The American stock market will rise this year – no matter who wins the presidential election. That at least is the conclusion of a respected US fund manager who has studied stock market trends in election years all the way back to 1926.
The finding could spur investors, to start buying American shares – especially as the US economy is looking healthier.
In a study of the fortunes of the US stock market in election years, Fisher Investments, which is run by the renowned fund manager Ken Fisher, found that just one outcome – the replacement of a Republican president by a Democrat – tended to be associated with a fall in share prices. That outcome cannot happen this year as a Democrat, Barack Obama, is standing for re-election. When this happens, stock markets tend to rise, regardless of whether the incumbent is re-elected or replaced by his Republican opponent, according to Fisher.

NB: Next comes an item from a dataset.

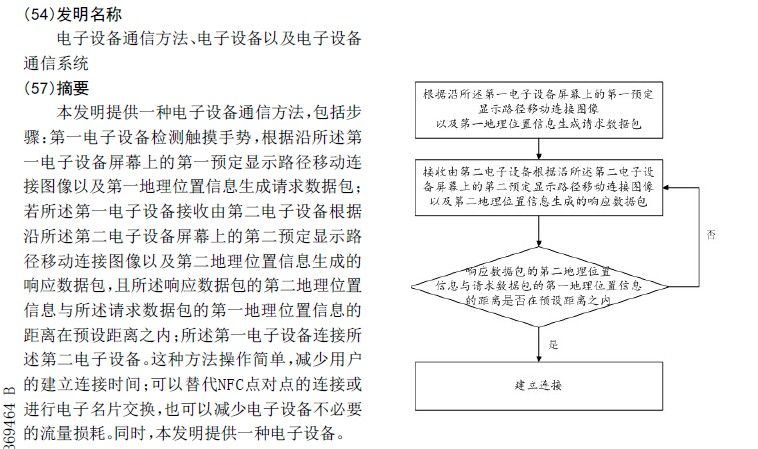 探探被訴專利侵權(quán)，滑動(dòng)匹配功能何去何從？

The S&P 500 index has historically risen by an average of 14.5pc in the year of a Democrat’s re-election, the study found, whereas the other possible result this time, the replacement of a Democrat by a Republican, has seen the index rise by 18.8pc on average.
The re-election of a Republican has, on average, been associated with a 10.6pc rise in the S&P 500, but when a Republican has been replaced by a Democrat, shares have tended to fall, by an average of 2.7pc.
Whitney George of Royce & Associates, a subsidiary of Legg Mason, the fund manager, said: “Ned Davis [an American consultancy] recently looked at presidential elections going back to 1928 and found that markets had risen in the second half of an election year about 80pc of the time. There are other patterns which show that they tend to bottom out mid-year and rally into the election, depending on who wins.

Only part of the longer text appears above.